Dreamscapes

When I think back on everything that has happened in my life so far during 2014, so much of it feels like a dream, the very definition of surreal. I’ve learned a lot about myself and life the past ten months, often finding myself wondering if everything is really real, or some crazy, vivid dream that is the effect of a bad dinner.

 

The year started in shock with a breast cancer diagnosis on my mother, followed too quickly by the disease fighting harder than was anticipated and the loss of Mama on February 28. The months following her passing were a huge struggle for all of us, but I’ve learned that I can survive the grief. No, its not always easy… There are times when I want to pick up the phone and call her to tell her about something or other; and other times when scrolling through my Facebook contacts and stumbling across her name…

 

I left a career of ten years, opting to take care of myself and find a job that I enjoy. I look at what is happening in education right now and, while some may think I took the cowards way out, I learned with Mama’s death that I had to take care of myself, and the first step in that was to leave an environment that had become toxic to me.
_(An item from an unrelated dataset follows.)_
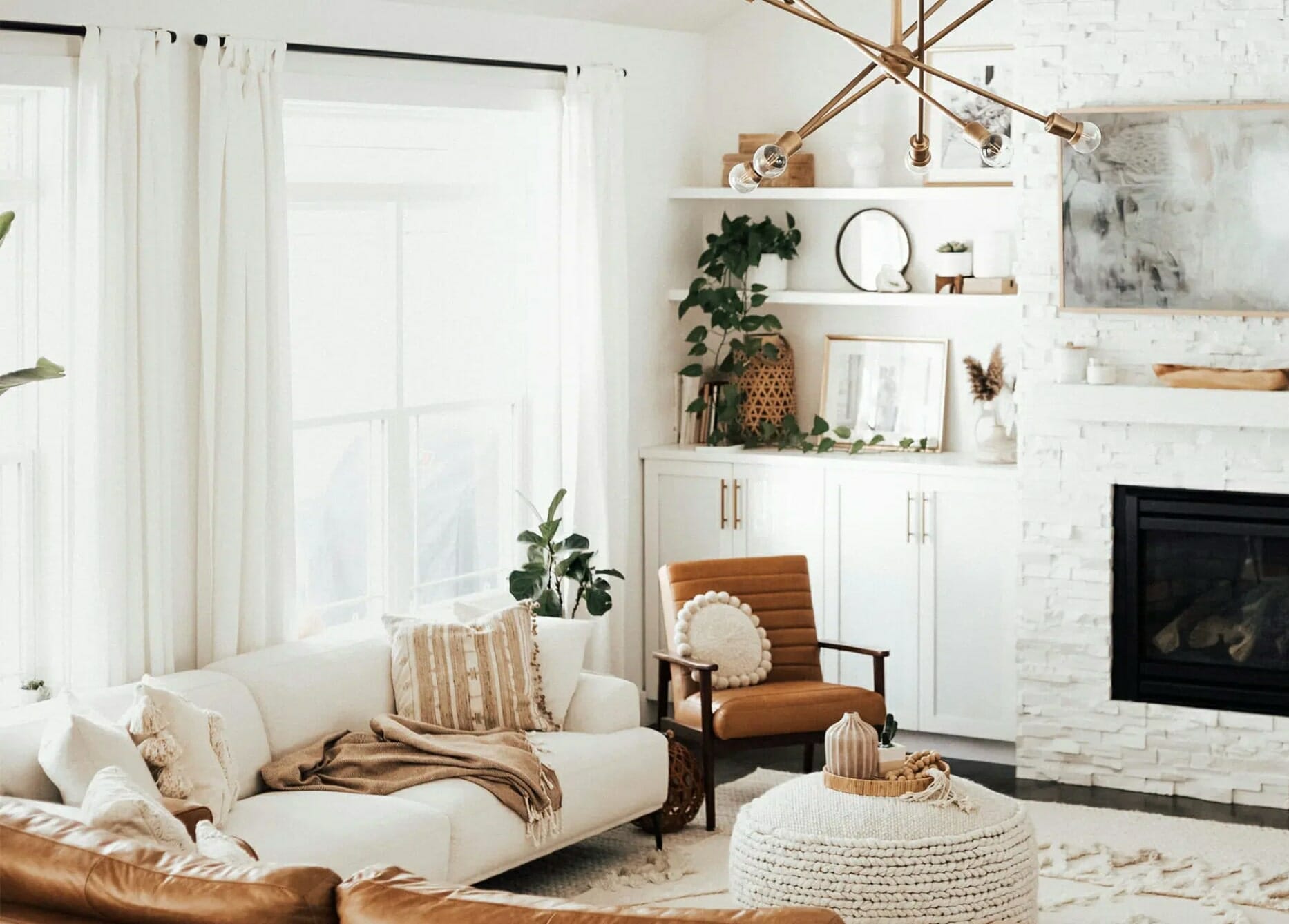 Cozy Bohemian interior design living room - Article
I’m now extremely happy in my current position with this company. A worthwhile leap of faith.

 

I wrote a book. A dream that I have wanted to do since middle school, and here I am, 17 days before my 44 birthday and I finally did it. So my debut novella, COLD HEAT by LeeAnne White, will be available for pre-order on November 1, and it will go live on November 11. A very busy birthday week for me.

 

Finally, I’ll be crossing another item from the bucket list. I’ll be taking a once in a lifetime trip (hopefully I’ll make it back there again with my daughter) to Ireland, London, and France for the New Year… I suspect there will be a lot of blogging about this trip (maybe even a story or two!).

 

So, please, if this is a dream, don’t wake me.